ボルヘスは、民主主義の信奉者だったということは指摘しておくべきだろう。それにもかかわらず、ピノチェトを支持したのはどうしてだったのかというと、当時の状況においてはピノチェトの軍政が可能な選択肢のうちで最善の選択と考えたからだったようだ。比較のために、パブロ・ネルーダはどうだったかにも触れておくとしよう。幾分か誇張されてはいるが、以下のような調子だったのだ。

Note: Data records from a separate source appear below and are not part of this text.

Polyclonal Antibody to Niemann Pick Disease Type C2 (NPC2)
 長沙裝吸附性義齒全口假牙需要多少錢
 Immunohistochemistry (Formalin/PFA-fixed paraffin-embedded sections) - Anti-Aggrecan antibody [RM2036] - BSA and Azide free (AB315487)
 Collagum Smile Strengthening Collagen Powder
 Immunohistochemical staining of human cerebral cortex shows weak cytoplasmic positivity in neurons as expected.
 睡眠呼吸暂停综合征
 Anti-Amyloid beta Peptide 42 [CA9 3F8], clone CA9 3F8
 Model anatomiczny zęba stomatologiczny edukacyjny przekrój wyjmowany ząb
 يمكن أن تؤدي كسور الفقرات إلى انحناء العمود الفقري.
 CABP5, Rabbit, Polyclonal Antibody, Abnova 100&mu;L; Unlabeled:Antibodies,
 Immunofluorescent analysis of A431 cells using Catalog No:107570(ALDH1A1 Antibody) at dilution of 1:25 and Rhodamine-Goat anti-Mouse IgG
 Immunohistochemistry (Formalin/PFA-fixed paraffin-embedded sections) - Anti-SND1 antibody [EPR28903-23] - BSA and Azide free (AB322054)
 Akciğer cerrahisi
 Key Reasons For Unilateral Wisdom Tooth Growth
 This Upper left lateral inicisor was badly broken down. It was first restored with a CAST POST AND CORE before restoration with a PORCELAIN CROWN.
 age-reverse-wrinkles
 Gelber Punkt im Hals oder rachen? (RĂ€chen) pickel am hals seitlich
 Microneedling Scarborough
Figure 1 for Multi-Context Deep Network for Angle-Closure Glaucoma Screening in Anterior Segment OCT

ネルーダは、1973年に今際の際(いまわのきわ)に至ってもなお、スターリンを指して「かの賢明で、冷静沈着なグルジア人」(“that wise, tranquil Georgian”)と語ったというのだ。毛沢東率いる中国に対しても同じく寛大な姿勢を貫いた。ネルーダは、中国の広い大地に住む人民がこぞって青色の人民服を着用している姿を目にするのが大好きだったのだ。
ちなみに、冒頭の文章は、エドウィン・ウィリアムソン(Edwin Williamson)によるボルヘスの優れた伝記である『Borges: A Life』の426ページからの引用だ。